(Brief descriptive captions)
┏━━
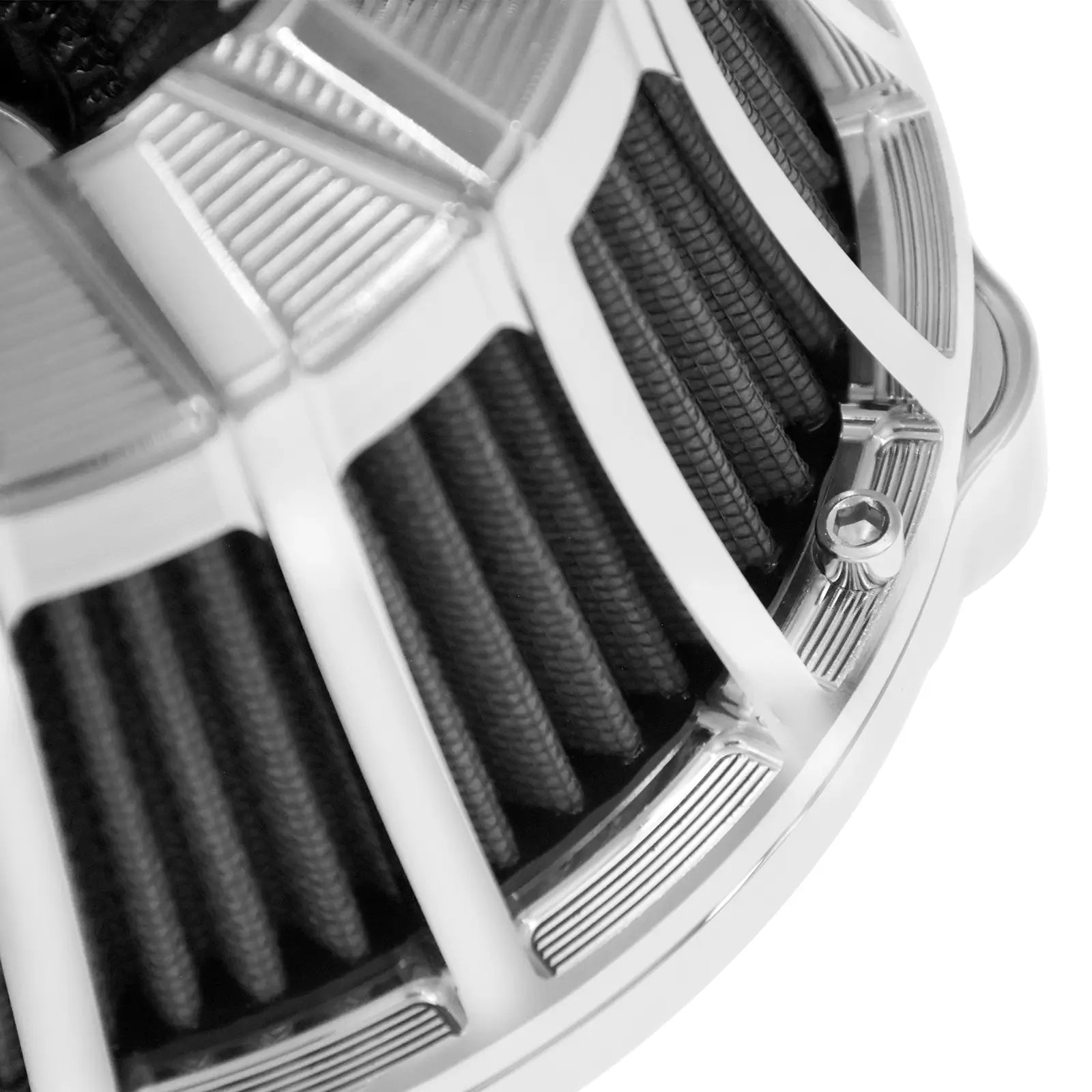 AF006505-mactions-air-cleaner-intake-filter-for-sportster-details
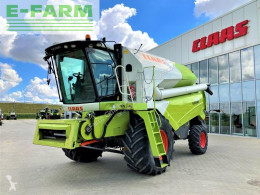 Claas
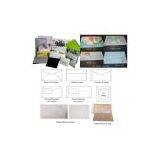 Envelops thumbnail-1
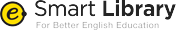 eSmart Campus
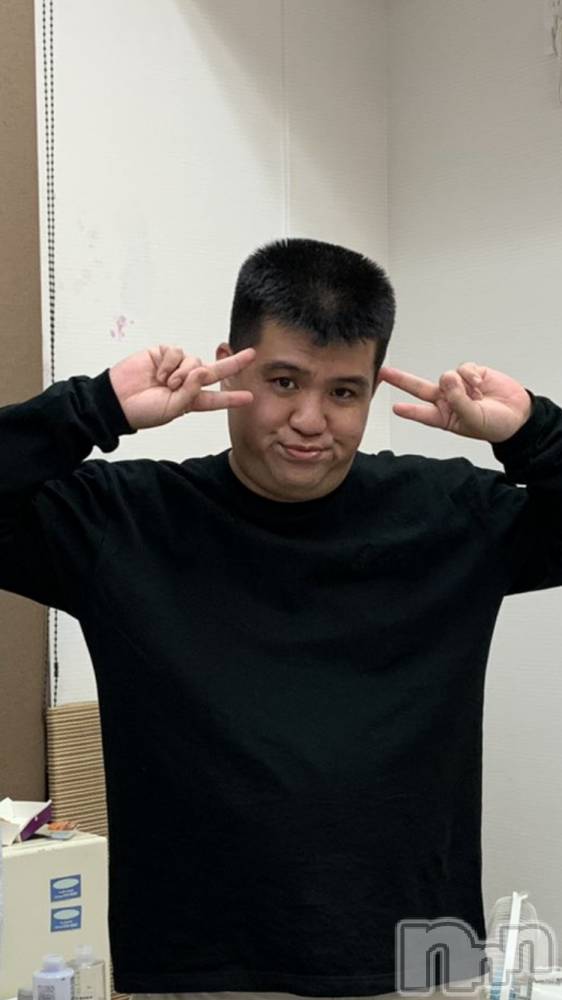 ��ˬ����Х��顦�����CLUB K����Prologue��(����֥���) ��ë �椤��12��6���̥�֥�����(♥)��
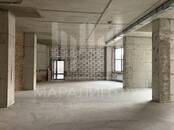 Другое,  Ростовская область Ростов-на-Дону, Фото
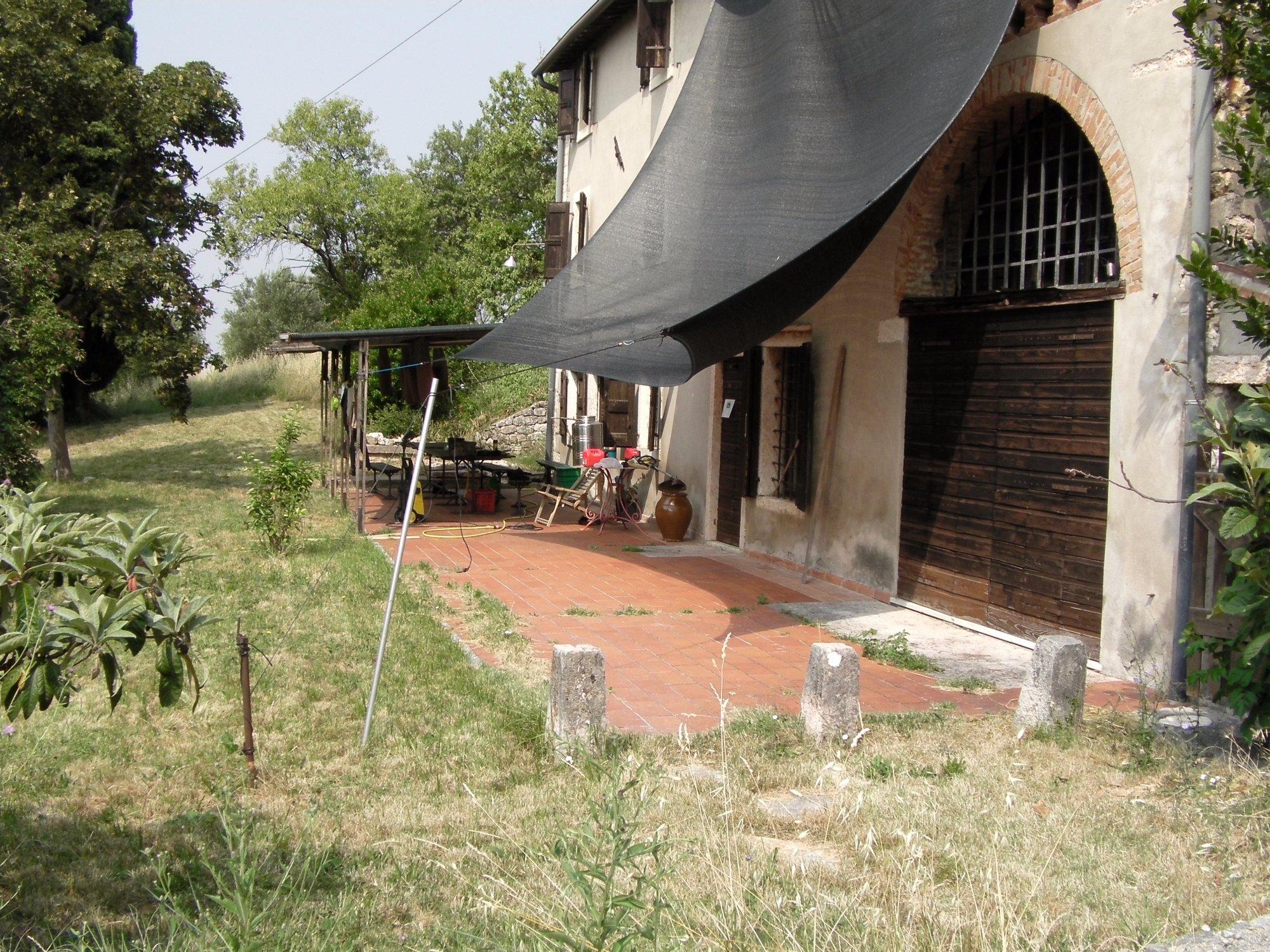 Bed & Breakfast Melba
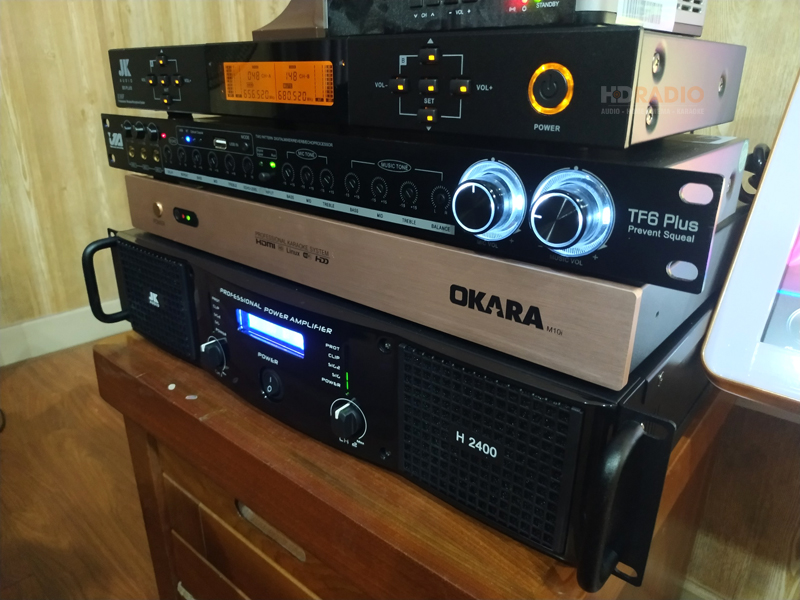 chi-trang-o-mo-lao-ha-dong3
┗━━
**Your assignment**
Write the lines from the line containing "K����Prologue��(����֥���) ��ë �椤��12��6���̥�֥�����(♥)��" through the last line of the data out again exactly, and only those lines; pictures stay out.

**Response to this exercise**
 ��ˬ����Х��顦�����CLUB K����Prologue��(����֥���) ��ë �椤��12��6���̥�֥�����(♥)��
 Другое,  Ростовская область Ростов-на-Дону, Фото
 Bed & Breakfast Melba
 chi-trang-o-mo-lao-ha-dong3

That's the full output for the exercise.